Care ISAs – IHT free: The Government could introduce a separate annual allowance for ISAs that are specifically earmarked to pay for care.  Launching such ‘Care ISAs’ would itself help people realise the need to save for care.

Family Care Savings Plans – IHT free:  Another possibility is for families to save collectively for the care needs of their loved ones.  For example, parents, siblings or children might join together to build up a fund in case one of them needs care.  The probability is that one in four people will need care, but nobody knows in advance which one.  Tax breaks to incentivise this kind of saving, perhaps allowing them to be passed on free of inheritance tax, would help.  There is a role for insurance with such savings plans – which might also include some ‘catastrophe insurance’ to pay out if more than the expected number in any family or group actually need care.

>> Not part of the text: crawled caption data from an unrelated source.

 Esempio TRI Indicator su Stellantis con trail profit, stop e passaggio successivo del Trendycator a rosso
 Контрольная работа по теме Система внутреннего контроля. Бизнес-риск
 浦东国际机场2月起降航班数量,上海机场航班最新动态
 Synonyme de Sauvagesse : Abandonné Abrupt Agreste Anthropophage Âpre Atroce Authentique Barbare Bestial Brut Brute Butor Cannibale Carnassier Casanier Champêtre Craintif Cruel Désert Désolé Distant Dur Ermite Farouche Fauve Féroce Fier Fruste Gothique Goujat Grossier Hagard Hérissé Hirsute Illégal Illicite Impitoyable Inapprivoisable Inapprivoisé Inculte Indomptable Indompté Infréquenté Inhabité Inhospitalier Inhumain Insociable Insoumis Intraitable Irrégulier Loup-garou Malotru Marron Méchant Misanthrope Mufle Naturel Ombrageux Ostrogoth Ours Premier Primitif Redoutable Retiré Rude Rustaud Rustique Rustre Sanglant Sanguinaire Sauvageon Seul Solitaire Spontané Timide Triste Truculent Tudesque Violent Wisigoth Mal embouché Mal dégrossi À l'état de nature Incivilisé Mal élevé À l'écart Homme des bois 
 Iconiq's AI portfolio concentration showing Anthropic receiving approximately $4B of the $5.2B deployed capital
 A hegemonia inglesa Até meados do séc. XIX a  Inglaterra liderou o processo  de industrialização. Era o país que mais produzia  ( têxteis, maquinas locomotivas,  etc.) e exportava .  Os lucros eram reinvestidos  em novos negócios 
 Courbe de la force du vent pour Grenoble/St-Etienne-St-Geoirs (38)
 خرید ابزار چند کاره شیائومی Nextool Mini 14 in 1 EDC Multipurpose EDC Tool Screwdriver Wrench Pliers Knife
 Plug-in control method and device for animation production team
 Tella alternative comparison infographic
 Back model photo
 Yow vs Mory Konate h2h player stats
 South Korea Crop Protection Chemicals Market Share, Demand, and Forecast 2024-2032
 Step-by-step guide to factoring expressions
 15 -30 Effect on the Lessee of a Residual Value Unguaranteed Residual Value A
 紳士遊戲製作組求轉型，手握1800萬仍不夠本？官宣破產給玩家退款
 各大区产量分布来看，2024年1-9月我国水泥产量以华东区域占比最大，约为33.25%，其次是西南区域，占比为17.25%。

Auto-enrolment to encouraged workplace care saving plans: Alongside auto-enrolment, it might also be helpful to ensure that employers are encouraged to offer the option for people to save in a workplace savings plan that is set aside specifically for care.  This could be part of a flexible benefits package, which receive an employer contribution.

Use Pensions Guidance to provide information and education:  It will be important to ensure that the Government’s ‘Pension wise’ guidance tells people about planning for care.

So, the message to the Government is that our care system is in crisis, there is no money set aside either publicly or privately to fund later life care adequately, and the time to address this crisis is now.  Social care in this country is failing, radical action is long overdue.

1 comment

1 tony { 01.20.15 at 6:01 pm }

However the 65+ bonds are in effect for some healthcare bonds!